Let’s look at how some sports stars handle their Christmas holidays and what’s the ideal athlete-approved way of eating well through this festive season.
Chris Ashton, Saracens and England winger
For rugby players, the Christmas days are just a part of the match season and it’s not really a holiday. They just get one day off, which is also how their normal training week looks like, so Chris uses that time to spend with his family. He can’t possibly go on a drinking spree at the pubs or eat rubbish as it gets hard to get back to training after indulging. But he loves eating turkey and stuffing is fun as he especially drives to his hometown Wigan for Christmas festivities.
Max Whitlock, Gymnast
He’s one athlete who likes to completely switch off around Christmas and prefers utilizing that time to relax and spend time with his and girlfriend’s family. Max lets loose by enjoying dinners on Christmas Day, Boxing Day and New Year’s Day, so it’s a total of three days off in the whole holiday period.
Geraint Thomas, Cyclist
Even on Christmas Day, Geraint always gets out for two hours of bike riding as that’s when the roads are really clear. But when he gets home after that, he treats himself to a lavish Christmas dinner without feeling guilty, eating and drinking whatever he wants.
Stef Reid, Paralympic and world medallist
Stef spends her day with her husband Brent by sleeping late, eating Christmas dinner and then meeting friends in the evening for Christmas tipple and tea. She does take up light exercises like running on Christmas Day but doesn’t train very hard, taking a break from speed endurance workouts.

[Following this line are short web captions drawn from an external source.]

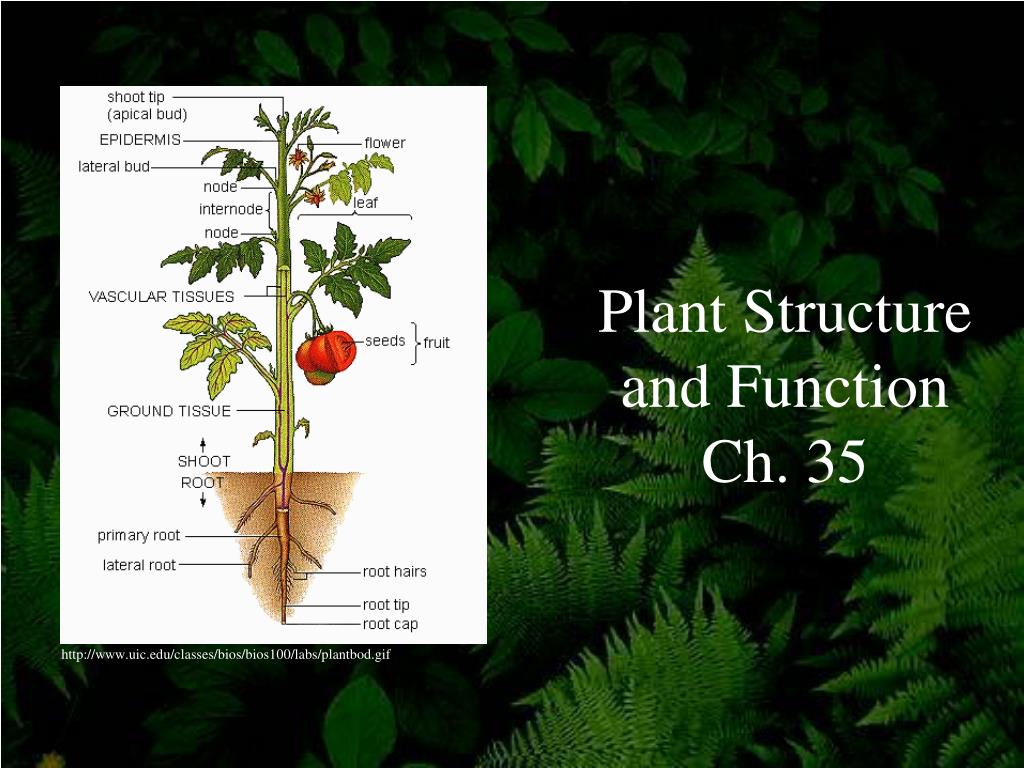 PPT - Plant Structure and Function Ch. 35 PowerPoint Presentation, free ...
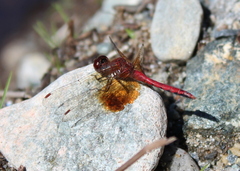 Sympetrum semicinctum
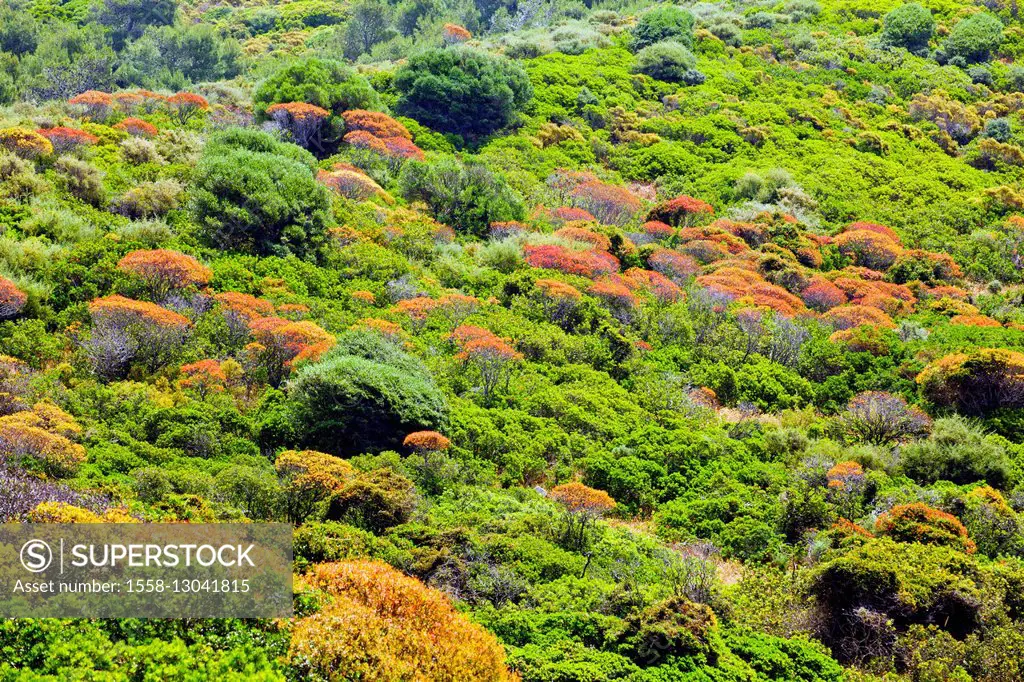 Sardinia, Macchia, shrubland, biome, scenery,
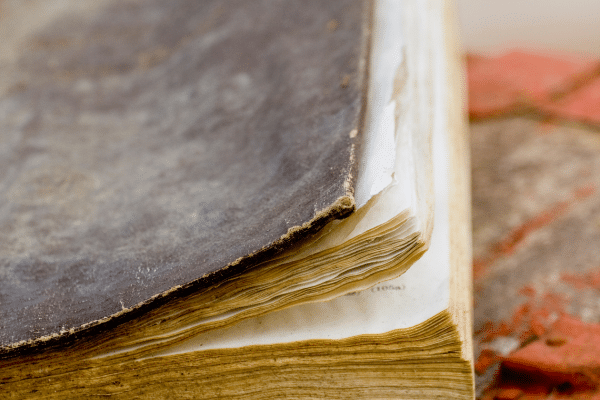 Signs Of Mold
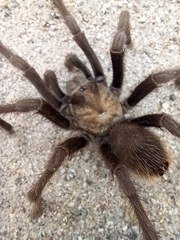 Aphonopelma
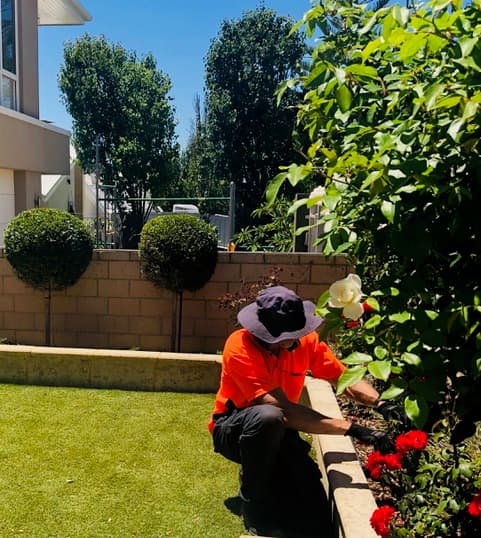 Millar Gardens gardening work in Ocean Reef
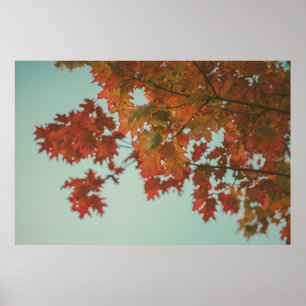 AFFICHE ARBRE À FEUILLES ROUGES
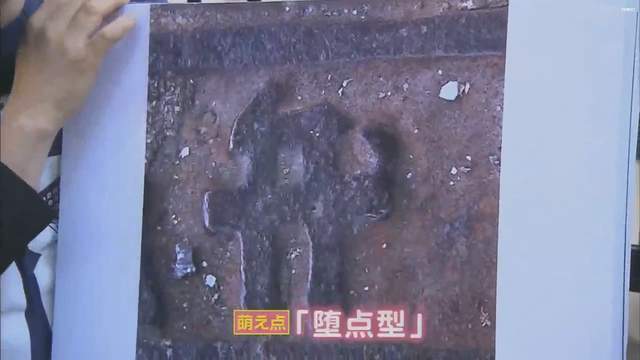 圖片24 圖片24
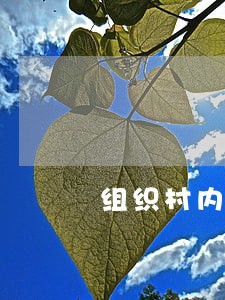 组织村内妇女违法活动 组织村内妇女违法活动
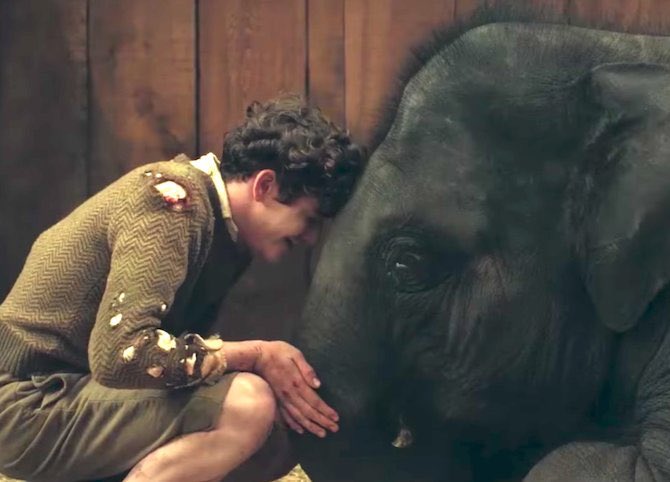 Zoo released today in cinemas across the north of Ireland! Go see it and let us know what you think of this locally set and produced film!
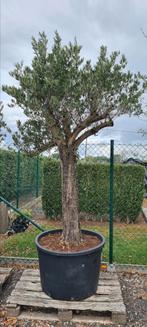 Olijfboom Olea Europaea, Ophalen, Olijfboom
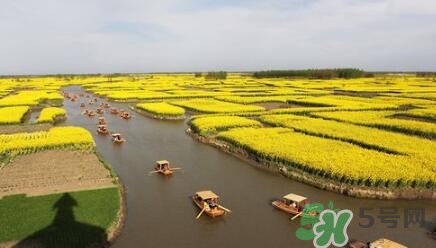 四月份去哪里旅游比較好？四月份最適合旅游的地方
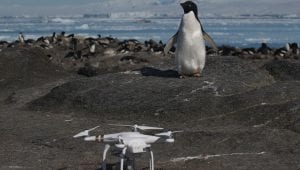 Previously Unknown "Supercolony" of Adelie Penguins Discovered in Antarctica
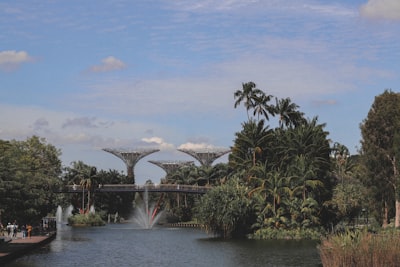 新加坡公司注册的注意事项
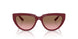 304814 - Red - Pink Gradient Brown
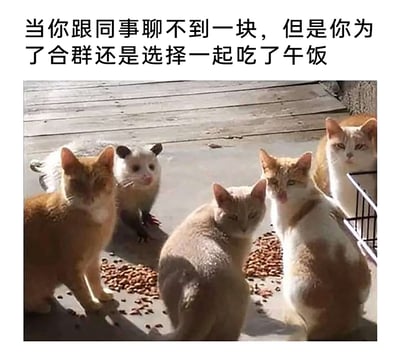 这是一张贴合职场社交场景的搞笑梗图，图上方配有中文文字“当你跟同事聊不到一块，但是你为了合群还是选择一起吃了午饭”，画面主体是四只猫咪和一只混在猫群中的负鼠，它们聚集在散落的猫粮旁，负鼠的外形和神态与周围的猫咪形成鲜明反差，生动地比喻了职场中那些和同事没有共同话题，却为了融入群体而勉强自己参与集体活动的人，用幽默的动物视角戳中职场人的社交共鸣点，风格接地气且充满趣味性。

So, what’s really the secret to the perfect athlete’s Christmas dinner that won’t make you pile on those pounds?
Athlete-Approved Tips for a Christmas Dinner
- Skip that potato
Instead, opt for sweet potatoes that have lower glycemic index levels, which reduce the rise in blood glucose and insulin. So, they are known to release energy slower as compared to traditional potatoes.
- Don’t eat like a pig
As much as we all love to forget the nutrition factor, it’s best to limit processed meat like pigs in blankets and cut back on meal portions to make sure you can knock off those calories by hitting the gym the next day.
- Say ‘yes’ to lean protein
Did you know that turkey is a lean source of protein and just 3-4 slices will give you more than enough than your nutrition requirement of 25-30 grams of protein for the day? It also increases muscle size, helps lose that extra weight and improves performance.
- Make your plate as colourful as Christmas
Go ahead and club your meat with a variety of veggies like sprouts, broccoli, peas, carrots and purple/green cabbage to accommodate the ‘health’ factor on festive days.
The key to having a truly merry Christmas like an athlete is to plan ahead but always remember to enjoy yourself. You can squeeze in some cheat meals in your diary and fit your training around those extra calories so that you can maybe have an easier session on the day after the party. Hope you make the most of the few days off with your family. Merry Christmas!